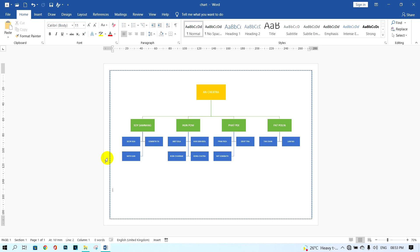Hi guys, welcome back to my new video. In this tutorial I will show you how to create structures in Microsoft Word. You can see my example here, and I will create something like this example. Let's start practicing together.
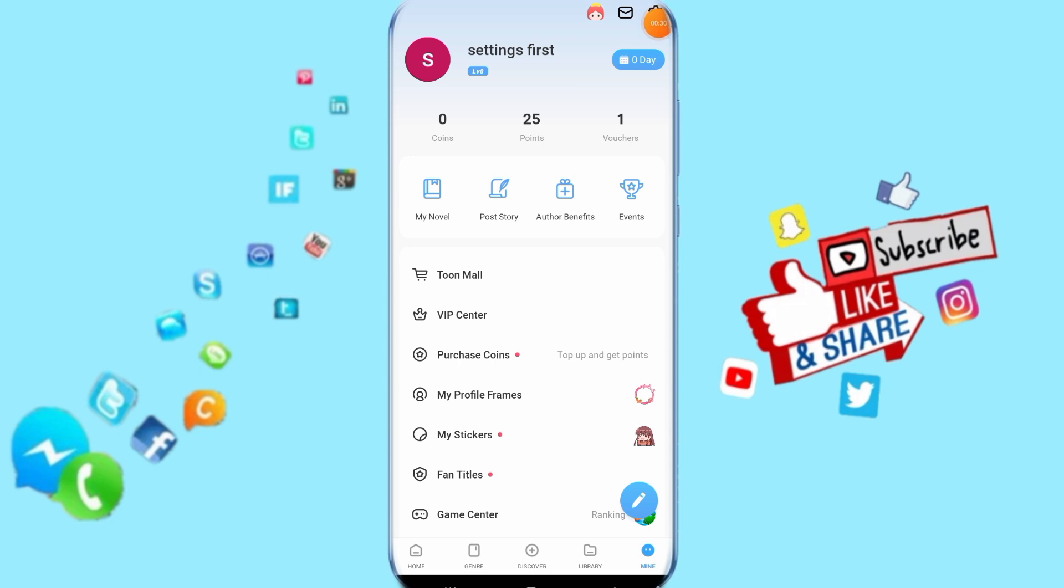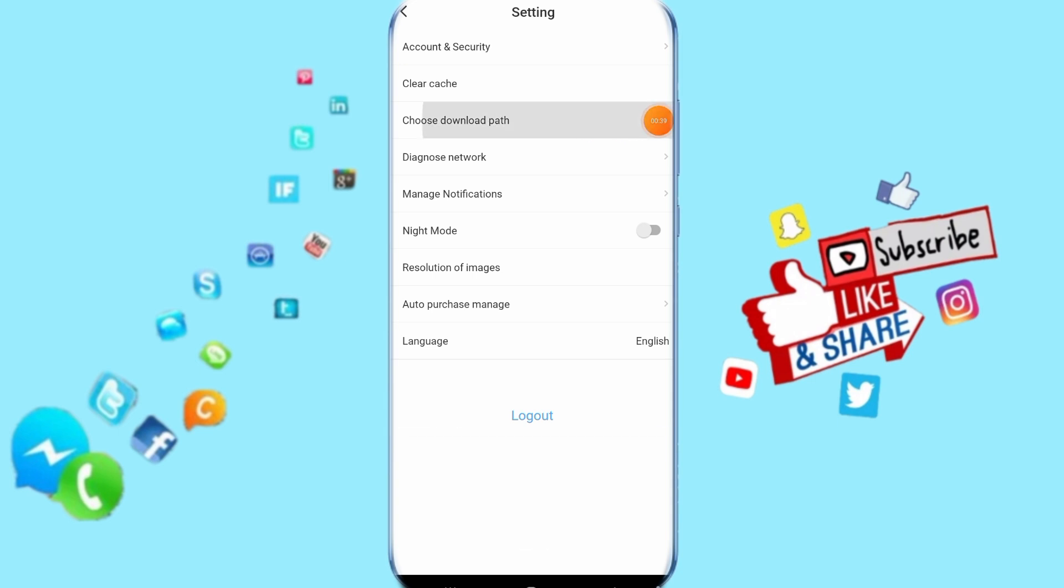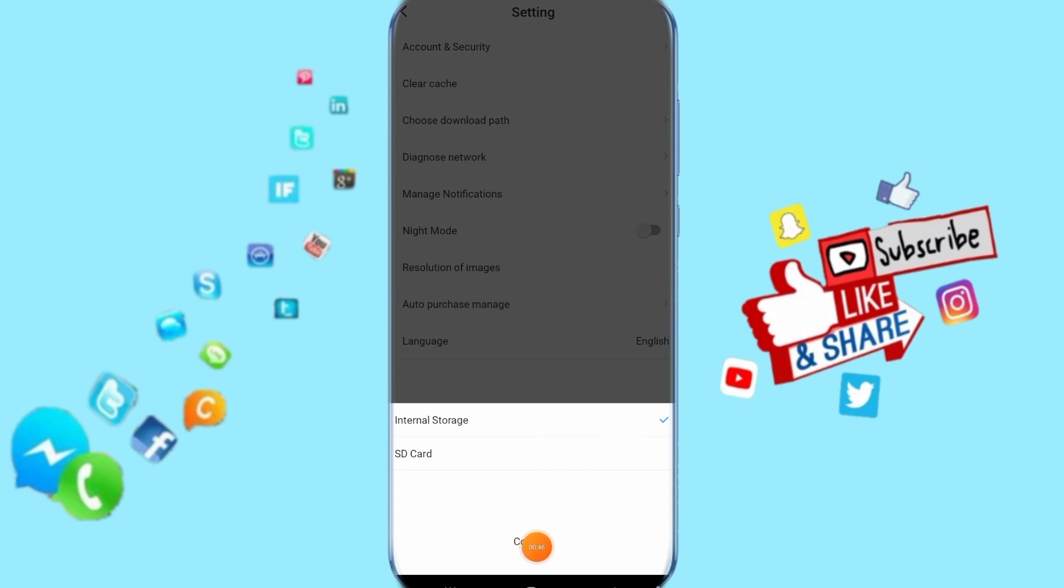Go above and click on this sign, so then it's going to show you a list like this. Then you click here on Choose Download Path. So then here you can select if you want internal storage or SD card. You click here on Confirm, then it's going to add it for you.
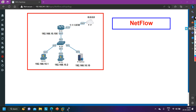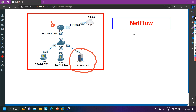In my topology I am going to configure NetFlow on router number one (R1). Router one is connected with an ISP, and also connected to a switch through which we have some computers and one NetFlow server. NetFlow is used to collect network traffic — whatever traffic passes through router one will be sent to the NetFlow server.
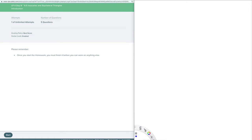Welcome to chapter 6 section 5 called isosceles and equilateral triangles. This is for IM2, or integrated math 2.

════════════════

[GOAL OF THE EXERCISE]
From the material above, print everything exactly except the pictures.

[WRITTEN RESPONSE]
Hi guys, welcome back to my new video. In this tutorial I will show you how to create structures in Microsoft Word. You can see my example here, and I will create something like this example. Let's start practicing together.
Go above and click on this sign, so then it's going to show you a list like this. Then you click here on Choose Download Path. So then here you can select if you want internal storage or SD card. You click here on Confirm, then it's going to add it for you.
In my topology I am going to configure NetFlow on router number one (R1). Router one is connected with an ISP, and also connected to a switch through which we have some computers and one NetFlow server. NetFlow is used to collect network traffic — whatever traffic passes through router one will be sent to the NetFlow server.
Welcome to chapter 6 section 5 called isosceles and equilateral triangles. This is for IM2, or integrated math 2.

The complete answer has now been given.